On 3 June, the BCB hiked its policy rate (SELIC) by 50bps to 13.75%, reaching 275bps of cumulative tightening since October 2014. Before 2014's presidential election, the BCB was much criticised for falling behind the curve regarding capping inflation, damaging its policy credibility. BCB actions this year suggest it is back to take care of unfinished business, with renewed resolve to put the inflation genie back in the bottle, even if it means exacerbating this year's recession.
Minutes of the 3 June COPOM meeting underscored the BCB's focus on bringing inflation down to its 4.5% target by end-2016. Inflation expectations are not falling as quickly as the BCB would like - recent inflation prints surprised on the upside in May, leaving the BCB with significant work ahead.
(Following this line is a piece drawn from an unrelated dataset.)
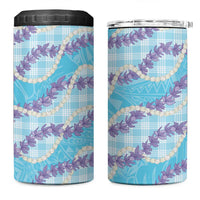 Blue Hawaii Palaka Honohono Pikake 4 in 1 Can Cooler Tumbler Hawaiian Orchid Lei Polynesian Pattern LT14 One Size: 16 oz Blue - Polynesian Pride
According to Standard Chartered, "the BCB is not done, and is likely to continue at its current 50bps tightening clip. A 50bps hike is expected at the 29 July COPOM meeting, and likely another 50bps after this, taking the SELIC rate to 14.75% (from 14.00% previously)".
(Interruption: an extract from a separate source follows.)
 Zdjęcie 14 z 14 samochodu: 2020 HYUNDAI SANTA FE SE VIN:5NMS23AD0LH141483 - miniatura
The next key event to watch is the BCB's Q2-2015 quarterly inflation report (QIR) due at the end of June, which will bring detailed quantitative inflation projections two years out. In the Q1 QIR, the BCB's estimate for 2016 year-end IPCA was 4.9%. For the Q2 QIR, the cut-off date for model inputs is probably mid-June, which suggests BCB inflation projections are likely to be very similar to those in the latest minutes; no major changes is expected in projected 2016 inflation in the Q2 QIR, added Standard Chartered.
The BCB's aim to reduce inflation expectations remains particularly difficult. Historically, there is a high correlation between medium-term inflation expectations and (1) current inflation, and (2) USD-BRL.